→ Requirement
Copy all of the data below without altering a single line.

→ Extracted information
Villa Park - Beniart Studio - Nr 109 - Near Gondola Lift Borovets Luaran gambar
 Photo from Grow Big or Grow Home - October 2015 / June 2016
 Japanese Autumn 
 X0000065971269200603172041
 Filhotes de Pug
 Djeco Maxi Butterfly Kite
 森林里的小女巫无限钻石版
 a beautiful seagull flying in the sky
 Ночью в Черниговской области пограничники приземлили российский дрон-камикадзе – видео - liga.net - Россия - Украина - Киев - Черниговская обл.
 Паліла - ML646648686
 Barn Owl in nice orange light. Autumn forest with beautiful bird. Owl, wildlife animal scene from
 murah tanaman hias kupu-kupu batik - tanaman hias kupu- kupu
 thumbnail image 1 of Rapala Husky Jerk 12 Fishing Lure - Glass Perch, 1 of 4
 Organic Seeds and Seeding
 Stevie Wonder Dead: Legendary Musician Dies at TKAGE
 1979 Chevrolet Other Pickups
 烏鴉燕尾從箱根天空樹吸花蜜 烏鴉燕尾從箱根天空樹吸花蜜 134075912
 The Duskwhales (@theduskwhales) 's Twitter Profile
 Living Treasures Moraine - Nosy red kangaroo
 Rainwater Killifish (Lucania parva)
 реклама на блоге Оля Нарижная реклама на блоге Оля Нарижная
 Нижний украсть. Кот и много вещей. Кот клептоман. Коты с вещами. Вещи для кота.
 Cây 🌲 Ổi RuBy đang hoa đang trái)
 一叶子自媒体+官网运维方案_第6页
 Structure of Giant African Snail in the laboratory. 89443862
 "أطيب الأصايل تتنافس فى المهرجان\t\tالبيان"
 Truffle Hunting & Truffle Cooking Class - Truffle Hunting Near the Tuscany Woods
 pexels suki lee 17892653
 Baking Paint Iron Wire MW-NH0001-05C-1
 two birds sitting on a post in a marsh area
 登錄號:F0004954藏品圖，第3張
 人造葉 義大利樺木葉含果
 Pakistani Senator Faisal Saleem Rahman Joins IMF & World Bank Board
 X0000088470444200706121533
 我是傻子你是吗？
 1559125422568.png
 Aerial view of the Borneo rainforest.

→ Answer to the exercise
Villa Park - Beniart Studio - Nr 109 - Near Gondola Lift Borovets Luaran gambar
 Photo from Grow Big or Grow Home - October 2015 / June 2016
 Japanese Autumn 
 X0000065971269200603172041
 Filhotes de Pug
 Djeco Maxi Butterfly Kite
 森林里的小女巫无限钻石版
 a beautiful seagull flying in the sky
 Ночью в Черниговской области пограничники приземлили российский дрон-камикадзе – видео - liga.net - Россия - Украина - Киев - Черниговская обл.
 Паліла - ML646648686
 Barn Owl in nice orange light. Autumn forest with beautiful bird. Owl, wildlife animal scene from
 murah tanaman hias kupu-kupu batik - tanaman hias kupu- kupu
 thumbnail image 1 of Rapala Husky Jerk 12 Fishing Lure - Glass Perch, 1 of 4
 Organic Seeds and Seeding
 Stevie Wonder Dead: Legendary Musician Dies at TKAGE
 1979 Chevrolet Other Pickups
 烏鴉燕尾從箱根天空樹吸花蜜 烏鴉燕尾從箱根天空樹吸花蜜 134075912
 The Duskwhales (@theduskwhales) 's Twitter Profile
 Living Treasures Moraine - Nosy red kangaroo
 Rainwater Killifish (Lucania parva)
 реклама на блоге Оля Нарижная реклама на блоге Оля Нарижная
 Нижний украсть. Кот и много вещей. Кот клептоман. Коты с вещами. Вещи для кота.
 Cây 🌲 Ổi RuBy đang hoa đang trái)
 一叶子自媒体+官网运维方案_第6页
 Structure of Giant African Snail in the laboratory. 89443862
 "أطيب الأصايل تتنافس فى المهرجان\t\tالبيان"
 Truffle Hunting & Truffle Cooking Class - Truffle Hunting Near the Tuscany Woods
 pexels suki lee 17892653
 Baking Paint Iron Wire MW-NH0001-05C-1
 two birds sitting on a post in a marsh area
 登錄號:F0004954藏品圖，第3張
 人造葉 義大利樺木葉含果
 Pakistani Senator Faisal Saleem Rahman Joins IMF & World Bank Board
 X0000088470444200706121533
 我是傻子你是吗？
 1559125422568.png
 Aerial view of the Borneo rainforest.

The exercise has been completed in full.